(Task item):
Nothing but the lines from the one with "N01 Bordeaux rode" through the last line of the data should be restated, each word for word.

--*--

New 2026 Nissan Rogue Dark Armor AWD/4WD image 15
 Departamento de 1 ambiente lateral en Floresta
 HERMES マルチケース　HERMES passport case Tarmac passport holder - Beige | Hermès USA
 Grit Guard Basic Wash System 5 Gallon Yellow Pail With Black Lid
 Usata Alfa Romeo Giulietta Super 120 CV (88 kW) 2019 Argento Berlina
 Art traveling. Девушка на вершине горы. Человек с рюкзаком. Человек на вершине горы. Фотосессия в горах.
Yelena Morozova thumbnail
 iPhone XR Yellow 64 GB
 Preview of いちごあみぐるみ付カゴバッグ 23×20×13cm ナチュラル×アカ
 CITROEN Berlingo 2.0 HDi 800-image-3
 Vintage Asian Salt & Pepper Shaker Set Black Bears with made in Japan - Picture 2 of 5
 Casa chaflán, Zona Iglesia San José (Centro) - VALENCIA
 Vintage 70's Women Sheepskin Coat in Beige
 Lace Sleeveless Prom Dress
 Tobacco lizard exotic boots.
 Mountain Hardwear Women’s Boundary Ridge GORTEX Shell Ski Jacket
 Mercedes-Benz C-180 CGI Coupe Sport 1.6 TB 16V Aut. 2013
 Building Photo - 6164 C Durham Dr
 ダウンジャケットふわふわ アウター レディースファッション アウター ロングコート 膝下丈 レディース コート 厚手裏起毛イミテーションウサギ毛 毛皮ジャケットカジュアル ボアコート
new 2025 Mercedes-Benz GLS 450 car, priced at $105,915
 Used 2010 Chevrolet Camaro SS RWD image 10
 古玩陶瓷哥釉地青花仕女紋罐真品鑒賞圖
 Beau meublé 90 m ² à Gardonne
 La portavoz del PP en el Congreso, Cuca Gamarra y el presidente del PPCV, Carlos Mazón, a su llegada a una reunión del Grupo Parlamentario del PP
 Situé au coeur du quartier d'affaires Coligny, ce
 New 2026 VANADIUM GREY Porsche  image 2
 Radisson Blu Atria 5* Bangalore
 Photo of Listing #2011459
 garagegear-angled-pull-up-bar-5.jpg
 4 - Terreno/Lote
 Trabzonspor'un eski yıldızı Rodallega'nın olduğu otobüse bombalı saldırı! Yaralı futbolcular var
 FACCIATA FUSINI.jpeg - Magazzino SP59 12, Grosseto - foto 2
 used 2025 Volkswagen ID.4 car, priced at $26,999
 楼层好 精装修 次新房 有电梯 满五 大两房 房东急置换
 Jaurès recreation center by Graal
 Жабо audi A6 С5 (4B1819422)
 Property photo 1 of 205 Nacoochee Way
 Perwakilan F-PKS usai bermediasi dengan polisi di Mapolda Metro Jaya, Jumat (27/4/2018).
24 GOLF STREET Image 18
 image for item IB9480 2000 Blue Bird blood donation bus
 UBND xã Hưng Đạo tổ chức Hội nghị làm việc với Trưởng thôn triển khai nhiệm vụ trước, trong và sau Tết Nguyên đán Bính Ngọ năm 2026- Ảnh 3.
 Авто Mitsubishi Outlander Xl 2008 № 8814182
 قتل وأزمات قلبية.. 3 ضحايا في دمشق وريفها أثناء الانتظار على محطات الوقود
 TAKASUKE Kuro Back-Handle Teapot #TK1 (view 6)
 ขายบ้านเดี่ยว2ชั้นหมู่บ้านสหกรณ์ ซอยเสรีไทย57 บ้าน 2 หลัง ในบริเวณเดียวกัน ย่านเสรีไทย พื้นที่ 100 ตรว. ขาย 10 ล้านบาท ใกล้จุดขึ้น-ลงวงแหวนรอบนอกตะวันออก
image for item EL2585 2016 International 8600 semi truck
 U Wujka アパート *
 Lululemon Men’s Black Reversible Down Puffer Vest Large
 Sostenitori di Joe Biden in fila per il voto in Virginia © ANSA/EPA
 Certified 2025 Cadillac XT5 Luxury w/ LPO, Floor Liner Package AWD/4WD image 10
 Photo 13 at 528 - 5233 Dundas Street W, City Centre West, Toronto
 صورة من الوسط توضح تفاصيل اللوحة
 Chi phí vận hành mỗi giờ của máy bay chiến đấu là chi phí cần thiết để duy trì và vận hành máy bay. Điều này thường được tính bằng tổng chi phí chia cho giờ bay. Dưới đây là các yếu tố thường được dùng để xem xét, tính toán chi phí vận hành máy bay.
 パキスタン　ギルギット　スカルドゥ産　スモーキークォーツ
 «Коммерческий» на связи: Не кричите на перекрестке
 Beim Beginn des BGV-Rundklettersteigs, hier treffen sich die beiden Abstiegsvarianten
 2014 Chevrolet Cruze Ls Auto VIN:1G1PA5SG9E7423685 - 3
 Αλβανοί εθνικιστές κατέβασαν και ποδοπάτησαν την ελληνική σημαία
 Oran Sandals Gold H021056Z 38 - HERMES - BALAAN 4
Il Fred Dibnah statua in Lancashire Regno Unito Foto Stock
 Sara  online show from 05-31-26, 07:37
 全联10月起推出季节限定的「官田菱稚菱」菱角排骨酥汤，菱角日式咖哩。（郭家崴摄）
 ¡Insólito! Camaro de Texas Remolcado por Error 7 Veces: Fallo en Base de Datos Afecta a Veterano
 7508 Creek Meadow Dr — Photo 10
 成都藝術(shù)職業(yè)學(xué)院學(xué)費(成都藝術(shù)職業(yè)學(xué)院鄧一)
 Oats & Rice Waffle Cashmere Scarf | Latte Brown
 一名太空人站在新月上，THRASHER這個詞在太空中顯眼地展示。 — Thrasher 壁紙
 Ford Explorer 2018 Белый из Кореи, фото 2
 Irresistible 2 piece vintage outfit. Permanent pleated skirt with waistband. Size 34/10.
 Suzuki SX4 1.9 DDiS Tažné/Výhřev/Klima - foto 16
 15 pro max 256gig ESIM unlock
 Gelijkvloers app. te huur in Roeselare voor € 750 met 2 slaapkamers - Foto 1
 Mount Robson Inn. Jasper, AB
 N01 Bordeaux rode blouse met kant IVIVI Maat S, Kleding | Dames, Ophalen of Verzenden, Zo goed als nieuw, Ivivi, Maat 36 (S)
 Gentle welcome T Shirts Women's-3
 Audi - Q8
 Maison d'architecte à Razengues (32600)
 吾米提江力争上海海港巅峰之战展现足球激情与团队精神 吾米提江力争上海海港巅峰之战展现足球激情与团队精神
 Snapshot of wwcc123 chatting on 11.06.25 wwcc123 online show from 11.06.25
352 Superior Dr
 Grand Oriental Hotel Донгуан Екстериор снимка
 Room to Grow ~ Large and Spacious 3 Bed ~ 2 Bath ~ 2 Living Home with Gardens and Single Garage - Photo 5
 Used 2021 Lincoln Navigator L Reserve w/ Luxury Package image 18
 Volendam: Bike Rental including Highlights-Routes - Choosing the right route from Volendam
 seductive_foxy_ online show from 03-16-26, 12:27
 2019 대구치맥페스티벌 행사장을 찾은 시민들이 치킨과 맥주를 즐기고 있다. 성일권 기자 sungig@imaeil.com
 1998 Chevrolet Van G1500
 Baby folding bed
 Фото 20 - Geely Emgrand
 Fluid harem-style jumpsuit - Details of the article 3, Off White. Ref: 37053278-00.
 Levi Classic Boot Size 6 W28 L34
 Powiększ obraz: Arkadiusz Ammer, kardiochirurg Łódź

--*--

(Answer to the problem):
 N01 Bordeaux rode blouse met kant IVIVI Maat S, Kleding | Dames, Ophalen of Verzenden, Zo goed als nieuw, Ivivi, Maat 36 (S)
 Gentle welcome T Shirts Women's-3
 Audi - Q8
 Maison d'architecte à Razengues (32600)
 吾米提江力争上海海港巅峰之战展现足球激情与团队精神 吾米提江力争上海海港巅峰之战展现足球激情与团队精神
 Snapshot of wwcc123 chatting on 11.06.25 wwcc123 online show from 11.06.25
352 Superior Dr
 Grand Oriental Hotel Донгуан Екстериор снимка
 Room to Grow ~ Large and Spacious 3 Bed ~ 2 Bath ~ 2 Living Home with Gardens and Single Garage - Photo 5
 Used 2021 Lincoln Navigator L Reserve w/ Luxury Package image 18
 Volendam: Bike Rental including Highlights-Routes - Choosing the right route from Volendam
 seductive_foxy_ online show from 03-16-26, 12:27
 2019 대구치맥페스티벌 행사장을 찾은 시민들이 치킨과 맥주를 즐기고 있다. 성일권 기자 sungig@imaeil.com
 1998 Chevrolet Van G1500
 Baby folding bed
 Фото 20 - Geely Emgrand
 Fluid harem-style jumpsuit - Details of the article 3, Off White. Ref: 37053278-00.
 Levi Classic Boot Size 6 W28 L34
 Powiększ obraz: Arkadiusz Ammer, kardiochirurg Łódź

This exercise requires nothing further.